Thanks for your comments.
After waiting A WEEK for support to give me some intelligent response, I took matters into my own hands. It was relatively painless. I'll describe what happened, in case it's helpful to someone else:
Shutdown the manager service, via "service ovmm stop".
Save a copy of the config file, which contains the manager UUID. It's called /u01/app/oracle/ovm-manager-3/.config.
Removed everything under /u01/app/oracle, with "rm -fr".
Dropped the schema in the database I was using.
Ran the installer, specifying the "-u <uuid>" option.

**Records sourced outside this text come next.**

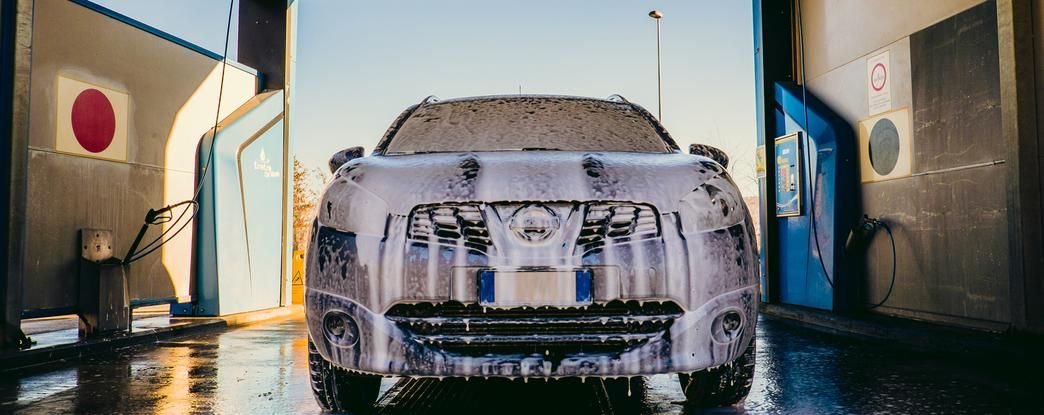 UltimateABQ's tweet image. At our Ultimate Express Car Wash your vehicle travels along a conveyor while dirt, road grime and salts are removed by the best equipment the industry offers. Wash your car as often as you like with an unlimited monthly wash package. buff.ly/2nbcZkB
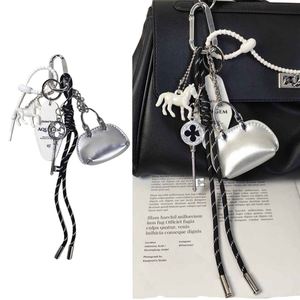 Llavero Minimalista de Plástico con Diseño de Caballo Blanco Plateado, Accesorio para Monedero, Patineta y Decoración de Bolsos Pequeños - Product Image 1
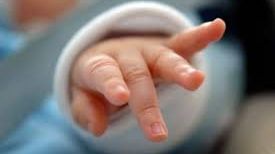 Ai un copil născut după ACEASTĂ dată? Statul îi dă 10.000 de euro. Cum poți intra în posesia lor!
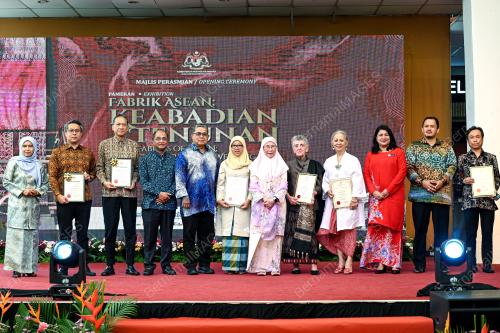 DATUK SERI DR WAN AZIZAH WAN ISMAIL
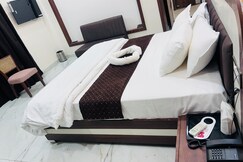 SHAAHI RESORT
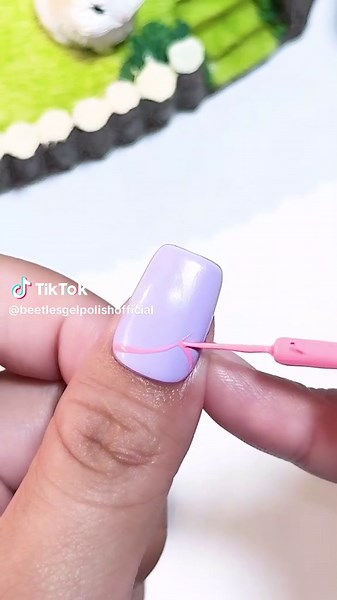 🎨 Bold Color-Block Line Art Nails! Step into spring with vibrant, playful colors and fearless contrasts. These bold line designs bring a splash of energy to your fingertips — because your nails deserve to bloom too! 🌸✨ ❤Product details: · 12 Colors Rainbow Linger Gel Set · 20 Colors Embrace Nature Gel Set #beetlesgelpolish #tiktokmademebuyit #shopvideocarnival #fyp #tiktokshoprestock #trendynails #colorfulnails #nailart #nailinspo #nailtutorial #creativenails #nailartlover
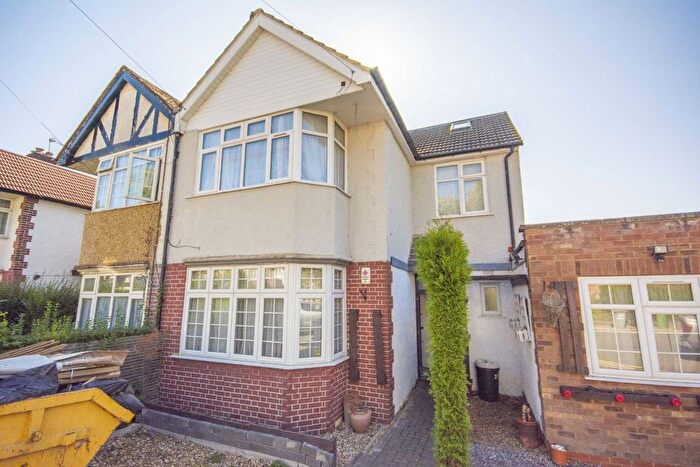 3 Bedroom Maisonette To Rent In Oak Tree Dell, London, NW9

It completed, and I logged in.
I rediscovered one of my two servers, the one that was still in the pool. I had removed the other one from the pool when my problems started, last week.
The rediscovery got back the server pool and VMs, and they were still running.

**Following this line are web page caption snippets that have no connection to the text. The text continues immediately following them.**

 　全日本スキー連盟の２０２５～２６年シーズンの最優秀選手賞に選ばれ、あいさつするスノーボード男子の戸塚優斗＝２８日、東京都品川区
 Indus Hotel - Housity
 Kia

I rediscovered the other server, the one that I could not discover before I reinstalled the manager. That worked, too.
I added the server to the pool, and it's all working.

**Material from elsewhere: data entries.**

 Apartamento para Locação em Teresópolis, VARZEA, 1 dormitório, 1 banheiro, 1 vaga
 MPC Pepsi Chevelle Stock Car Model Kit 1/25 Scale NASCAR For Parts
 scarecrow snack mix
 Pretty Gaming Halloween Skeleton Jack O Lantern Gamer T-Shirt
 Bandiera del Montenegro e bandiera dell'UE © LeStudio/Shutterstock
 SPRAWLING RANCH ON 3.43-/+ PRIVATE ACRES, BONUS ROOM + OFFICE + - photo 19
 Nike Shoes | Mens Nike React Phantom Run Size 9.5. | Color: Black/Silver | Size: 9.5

The only casualty I've seen so far, is that I've lost the names of all my VMs. Oops... even more is wrong. I just noticed.
I was about the say that the VMs have names like "ORPHAN_...". But there's more wrong than that:
If I look at the info for a VM, the'networks' and 'disks' panels are completely blank.
And if I right-click a VM and select 'edit', nothing happens.
But I can open a console window to them, so they really ARE running.
Anyone know what's wrong, and how to fix this?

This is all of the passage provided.